Goodrich once told me that he was too busy with his work to ever have kids of his own. He said he had committed himself to taking care of the world’s kids instead, especially the ones who needed him most. He added that “after a while, those special patients become kind of like your own kids.” That’s just how close he became with families, how intertwined their lives were. He would still get Christmas cards from families 30 years after they first met. He was not just their doctor, he was a part of their lives forever.
When Goodrich operated on Jadon and Anias McDonald, he was pushing 70, but had an incredible energy that fueled him to operate nonstop through the day and night. He inspired everyone around him, and after spending time with him I resolved to never again complain of fatigue in my own life.
This week, we lost the famed doctor, with his tufts of gray hair and beard, who was known for incredible skill with his hands, but also incredible empathy with his heart. We lost the doctor known for keeping in close touch with those patients he operated on, always remembering children’s birthdays and special milestones, ones he helped make possible. We lost the wanderlust brain surgeon who traveled the world consulting and operating wherever and whenever he was called. We lost the fighter who tackled what most had thought impossible.
“He fought with the ferocity from my family in a way that I will never ever forget. That I will forever appreciate. There will never be another James Goodrich. Not even close. He will never be met, let alone replaced in the world,” McDonald remembers.

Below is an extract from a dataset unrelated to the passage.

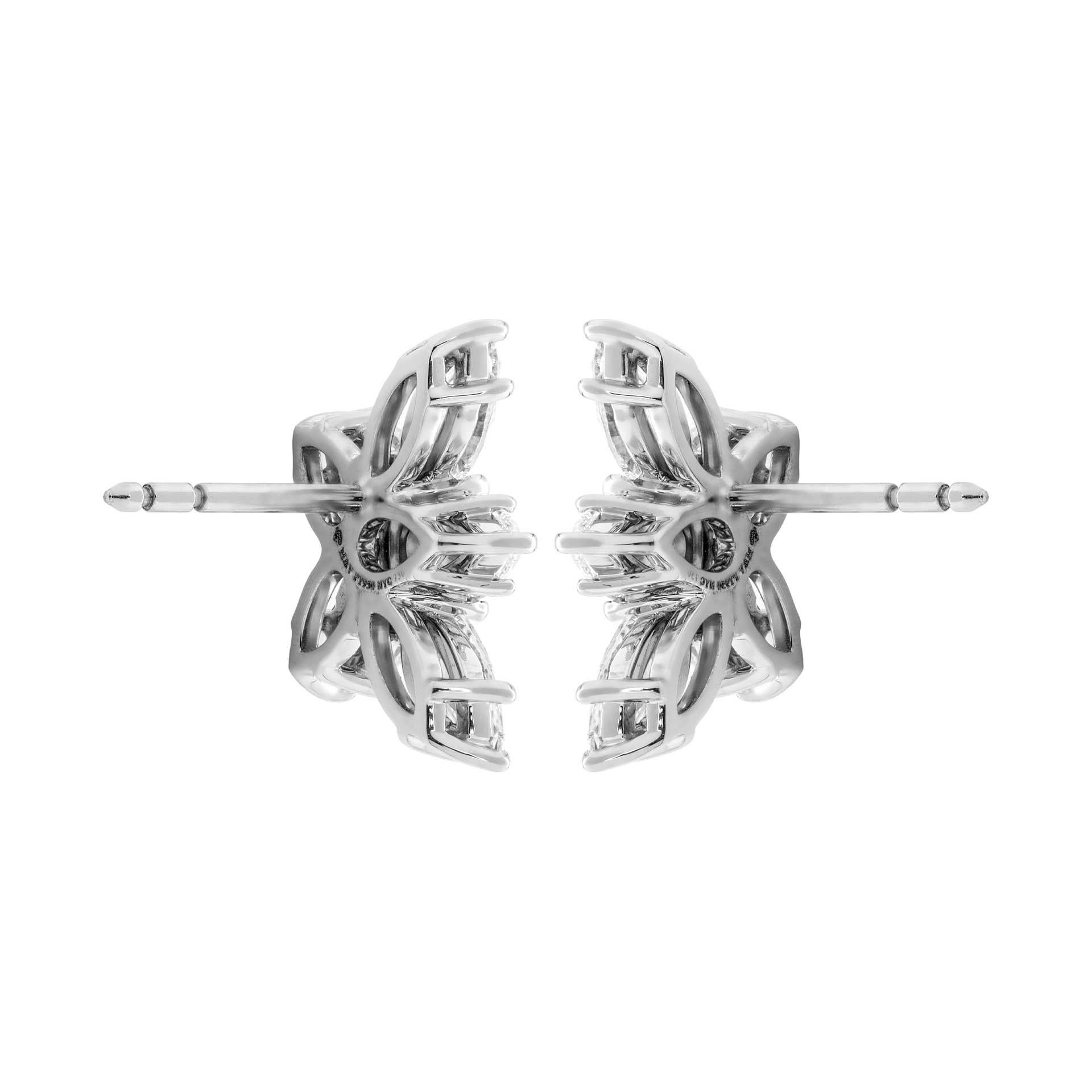 Diamond Cluster Earrings on Platinum

Beautiful and timeless piece - combining 2 fancy shapes diamonds Pears and Marquise creating cluster that won`t miss a sparkle. Sits extremely nicely on the ear.
Totaling 6 pear-shaped (2.14ct) and 4 marquise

Dr. Goodrich spent more than 30 years at Montefiore Einstein and was the director of the Division of Pediatric Neurosurgery at Montefiore and a professor of clinical neurological surgery, pediatrics, plastic and reconstructive surgery at Albert Einstein College of Medicine.
He is survived by his wife, Judy, and three sisters.
Dr. Goodrich was an incredible human being, and the world is a little less bright today without him.
While we knew the losses would come, they are no less painful when they do.